Note to sraisz at #108 - You may have introduced the "white space" problem when you edited the file. See this thread: http://drupal.org/node/67122. Recommended solution in 4.7.x+ is to remove any ending "?>" tags from the file. Looks unbalanced but is officially supported and works.

grymwulf’s picture

That is a good point, ensure that if you are using notepad in the File -> Save as... dialog you save your files in ANSI vs Unicode format. I've not had any problems with that issue using this setting.

chx’s picture

Status: Needs work » Closed (fixed)

There are several issues in here, among them:

  • The cookie bug, this is the issue crunchywelch had and he volunteered to open an issue with sammys' port of the Gallery fix rolled into a proper patch.
  • Some caching which is resolved.
  • Straight quote from IRC: and there are other people who have a fundamental misunderstanding of how sessions work, they cannot be helped, ie: I log on with www, but my baseurl is set to example.com and I'm not logged in anymore.

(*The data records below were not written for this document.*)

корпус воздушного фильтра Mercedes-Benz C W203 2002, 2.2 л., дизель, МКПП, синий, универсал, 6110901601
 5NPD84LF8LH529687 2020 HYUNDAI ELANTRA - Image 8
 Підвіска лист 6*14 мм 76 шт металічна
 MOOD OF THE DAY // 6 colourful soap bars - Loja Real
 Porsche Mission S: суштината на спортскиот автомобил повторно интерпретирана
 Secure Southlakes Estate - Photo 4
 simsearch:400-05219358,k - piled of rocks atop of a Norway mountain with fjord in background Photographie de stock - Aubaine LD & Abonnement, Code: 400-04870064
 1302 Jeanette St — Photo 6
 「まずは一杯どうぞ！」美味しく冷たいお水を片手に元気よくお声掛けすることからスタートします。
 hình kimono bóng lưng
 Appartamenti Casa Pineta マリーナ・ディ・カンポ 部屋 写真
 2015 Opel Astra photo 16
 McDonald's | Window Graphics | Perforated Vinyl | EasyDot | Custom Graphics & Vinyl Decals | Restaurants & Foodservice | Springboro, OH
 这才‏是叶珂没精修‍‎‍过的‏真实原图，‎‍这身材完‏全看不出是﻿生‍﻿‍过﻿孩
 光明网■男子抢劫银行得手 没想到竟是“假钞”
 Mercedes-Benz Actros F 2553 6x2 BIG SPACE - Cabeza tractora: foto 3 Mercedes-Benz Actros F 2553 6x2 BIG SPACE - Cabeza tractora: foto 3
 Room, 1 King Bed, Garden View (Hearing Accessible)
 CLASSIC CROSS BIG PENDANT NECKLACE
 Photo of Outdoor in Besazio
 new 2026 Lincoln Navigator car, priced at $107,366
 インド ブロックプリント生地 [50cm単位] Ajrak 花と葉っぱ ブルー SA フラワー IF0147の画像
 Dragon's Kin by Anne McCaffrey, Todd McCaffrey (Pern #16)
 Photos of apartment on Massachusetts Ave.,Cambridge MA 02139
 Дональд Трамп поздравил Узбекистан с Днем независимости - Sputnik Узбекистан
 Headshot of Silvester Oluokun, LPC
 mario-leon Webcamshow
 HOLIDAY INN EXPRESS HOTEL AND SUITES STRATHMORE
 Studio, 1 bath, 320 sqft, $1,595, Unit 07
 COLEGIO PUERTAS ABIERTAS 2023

These and some offtopic made this issue a sorry mess. If you want to report a login issue make it into a separate one but make it into a valid report (I have this PHP & Drupal version set up like this, I did this, expeted this and got that). All rights reserved on taking whatever action on whoever dares to comment more on this issue.

crunchywelch’s picture

Status: Closed (fixed) » Fixed

Looks like someone committed my patch at some point. The gallery code is a carpet bombing-like strategy for fixing a broader issue. In this case we are only concerned with the session cookie so as far as this issue is concerned this is resolved.

crunchywelch’s picture

spoke too soon, patch was not committed. new issue here: http://drupal.org/node/87372

chx’s picture

Status: Fixed » Closed (fixed)
Chill35’s picture

Version: x.y.z » 4.7.5

That bug isn't fixed in 4.7.5.

1. You log in once, nothing happens, you log in a second time, you're logged in.

2. Sometimes you have to use a different browser than IE because you end up always remaining logged out in it.

There are no bad logs in my Drupal Admin Panel about it.

On my host I checked which version of Apache I am using...

(It happens all the time for me now, on my remote site.)

PHP Version 5.1.2
Apache/2.0.54

I upgraded Drupal to 4.7.5 from 4.7.4 (and ran update.php). Same problem.

The exact same site on my local machine works like a charm.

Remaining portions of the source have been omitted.